There must have been a thousand pumpkins on this tree, hung high and on every branch. A thousand smiles. A thousand grimaces. And twice-times-a thousand glares and winks and blinks and leerings of fresh-cut eyes…
By wing and kite and broomstick they fly on the winds of lost centuries from the darkness of the cave before the discovery of fire, and the rituals of Druid England with its scythe-wielding October God of the Dead, to the gargoyle-encrusted towers of Notre Dame; from the bone-and-mummy-dust tombs of Ancient Egypt through the Grecian Isles to the City of Rome and away to South America and the candles and sugar skeletons of El Dia de los Muertos, The Day of the Dead...
It is a journey that memorably explains how light and darkness, faith and fear have shaped a festival more wildly celebrated, perhaps, than understood…

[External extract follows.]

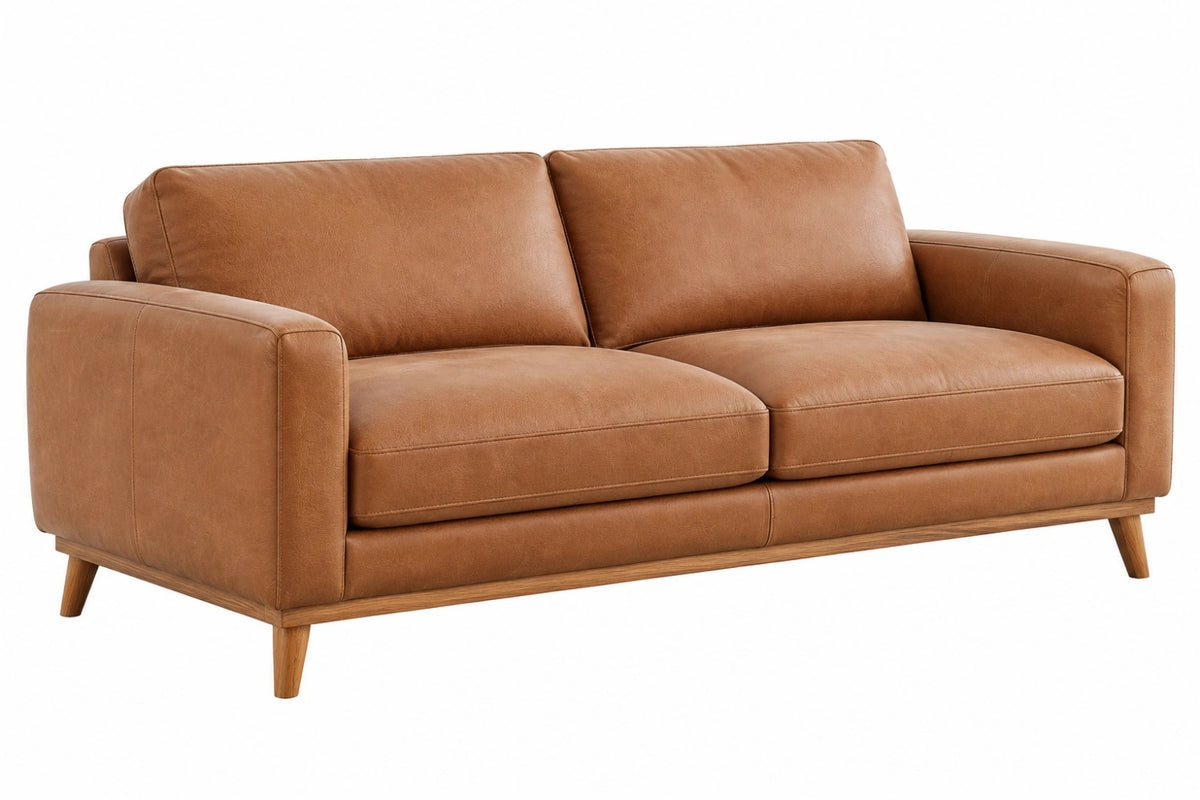 Divano 2 posti 180 x 90 x 85 cm in pelle marrone con struttura in legno stile moderno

So, maybe when the little terrors come around knocking our knockers next Halloween, we should slip a copy of Mr Bradbury's classic into their Trick or Treat bags - then they might know why they were doing what they were doing and, if nothing else, at least it wouldn't rot their teeth!
I find that re-reading The Halloween Tree - just as happens every time I re-read any of Ray's books - is an invitation to allow a bony finger to stir and prod among the leaf-mould and mummy-dust of my memories...
I travel back in time twenty-six years,,,
It is 1980 and, after six years of corresponding with Ray Bradbury, we met for the very first time when I interview him at the offices of his London publishers.
The book which I take with me on that occasion to ask him to inscribe is the first UK edition of The Halloween Tree...
Six years later, we meet for lunch in a restaurant on Rodeo Drive in Los Angeles and waiting for me under the napkin by my plate is an American edition of the book with an inscription and a golden Halloween Tree drawing by the author, studded with grinning pumpkin lantern stickers!
No wonder this book has always been special to me...
That lunchtime gift was given twenty years back and this year came another gift from Ray Bradbury: an e-mail in which he recounted a short history of how the Halloween Tree came to be planted and how it grew and put forth its unique autumnal fruits...
Here, with Ray's permission, is that story...
The Halloween Tree came about because I had lunch with [legendary Bugs Bunny animator] Chuck Jones forty years ago; he had just become a new friend.
The night before, an animated [Peanuts] film - The Great Pumpkin - had been on TV. My children disliked it so much that they ran over and kicked the TV set, along with me, because the whole idea of the Great Pumpkin supposedly arriving and then not arriving was incorrect to me. It was like shooting Santa Claus on the way down the chimney!
Chuck Jones and I agreed that we didn't like The Great Pumpkin, though we did admire Charlie Schultz, the cartoonist, very much. Then Chuck said, "Why don't we do a really good film on Halloween?" I said, "I think we could. Let me go home and bring something."
So I went home and brought Chuck a large painting of a Halloween Tree that I had painted down in the basement with my daughters a few years before.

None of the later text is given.